The point seemed lost on many. A friend in need indeed is Virgin and Sir Richard Branson. Branson’s airline had jumped ship 2 years earlier. They must have seen something on AirAsia’s radar others did or would not.
WHAT’S IN A WORD (OR WORDS)
The point we sought to raise in Che Det that appears to have escaped the comprehension of many readers is that by “accepting responsibility” for the problem”( i.e. the crash of the airliner AirAsia flight QZ 8501) Fernandez necessarily acknowledges and accepts the burden of legal responsibility for the consequences that flow from his “acceptance of responsibility” as the airline’s CEO.
It was a dangerous and premature acceptance of responsibility on the part of Fernandez speaking for the airline AirAsia. And the market appears to have taken note of that acceptance of responsibility. All $200 million of it.
The reason we say so is this: The cause of the crash has not yet been established. The recovery operations to find the wreckage of the aircraft, its black box and the cockpit voice recorder have not yet been completed let alone located. To have “accepted (full) responsibility” in these circumstances before any other official, forensic and scientific finding is made is simply suicidal. It says something about culpability.
Where was Tony Fernandez’s lawyers, where was his ‘well oiled’ PR machine?
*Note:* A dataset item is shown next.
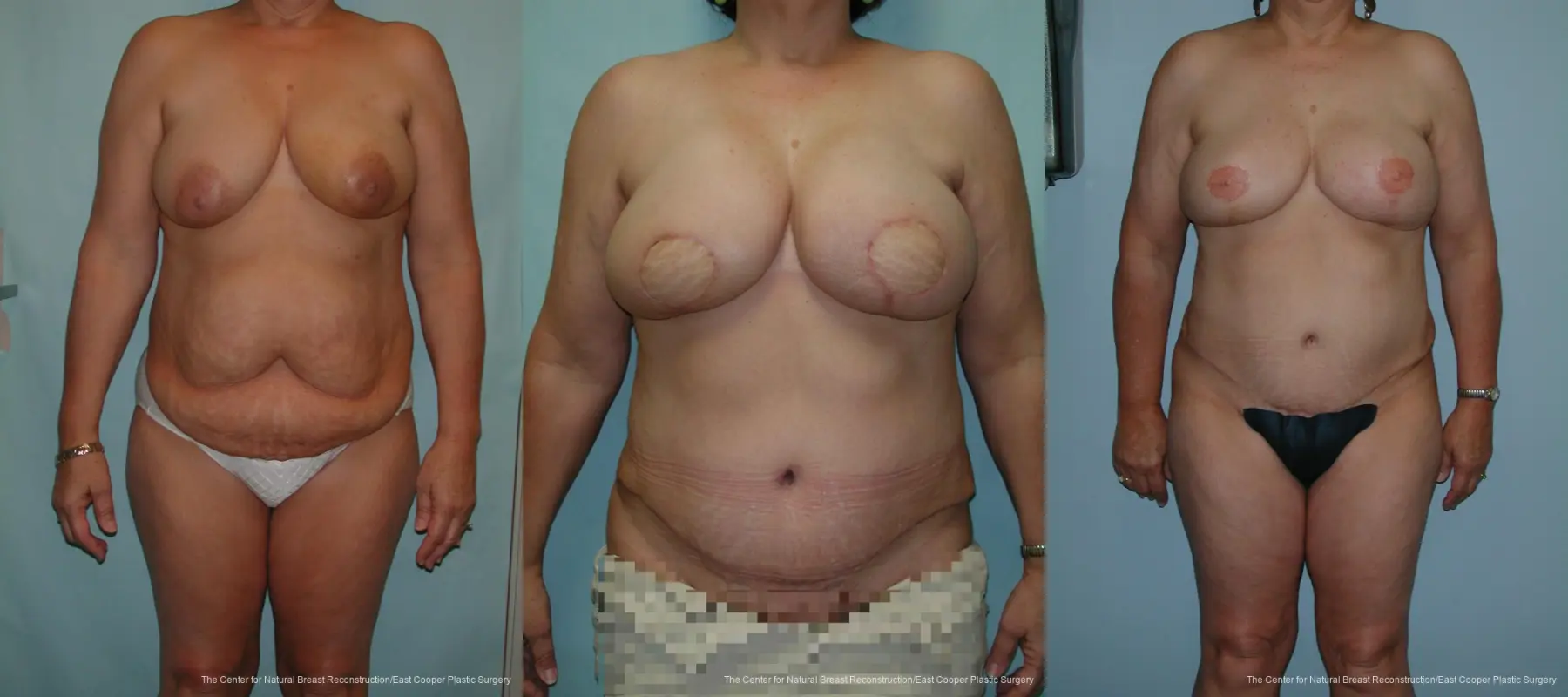 Breast Reconstruction DIEP - Before and After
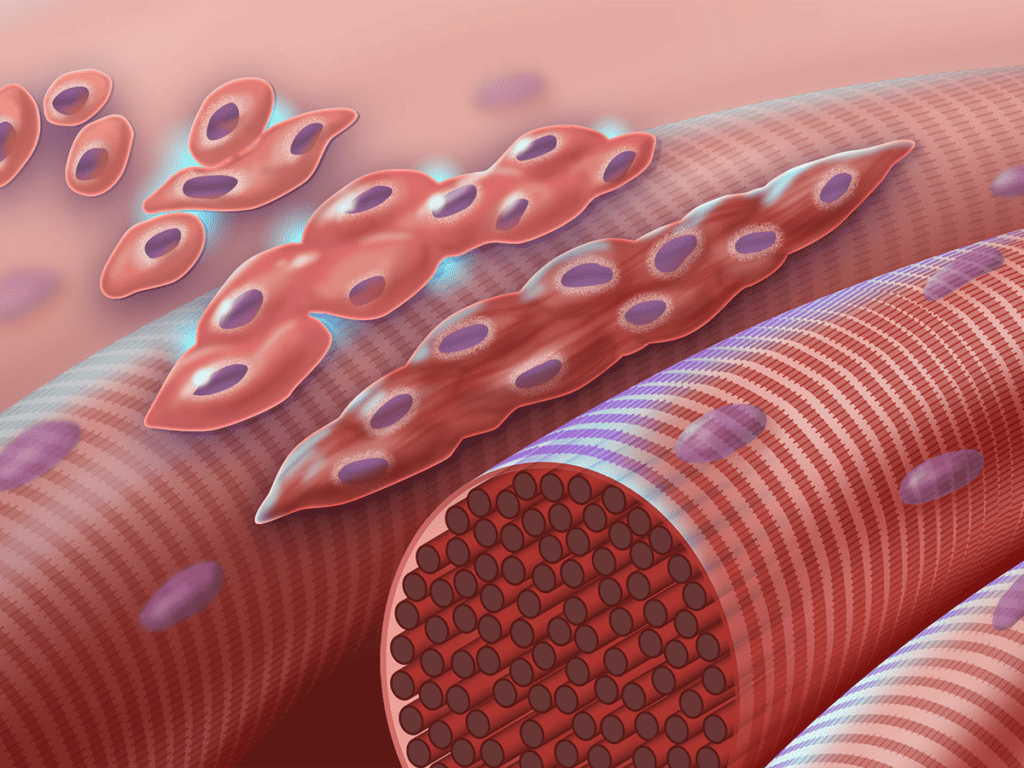 Stem Cells for Muscular Dystrophy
WHY ANY ACCEPTANCE OF RESPONSIBILITY MUST WAIT FOR THE FACTS
The Asian media may forgive Fernandez (as should the rest of us) as his reported statement must have been a spontaneous heartfelt comment by a grieving CEO and an honest slip at that made by the man in the heat and emotion of such a disaster. However to make such an admission (which is what this is) by “accepting (full) responsibility” for something for which responsibility cannot yet be apportioned to, is a statement insurance companies, relatives and lawyers who will inevitably become a part of the gouging process in the aftermath of this tragedy would love to hear.
Many may already have picked up on Fernandez’s acceptance of responsibility statement.
An acceptance of responsibility has the effect of reducing an insurers liability if not partly at least, then wholly.
There are then the relatives of the passengers and the owners of cargo QZ 8501 who have an interest and a right to sue the Airline who will not ignore the acceptance of (full) responsibility by AirAsia’s CEO to consider.
What impact his words will have on the immediate and long term future of the airline is yet to be determined.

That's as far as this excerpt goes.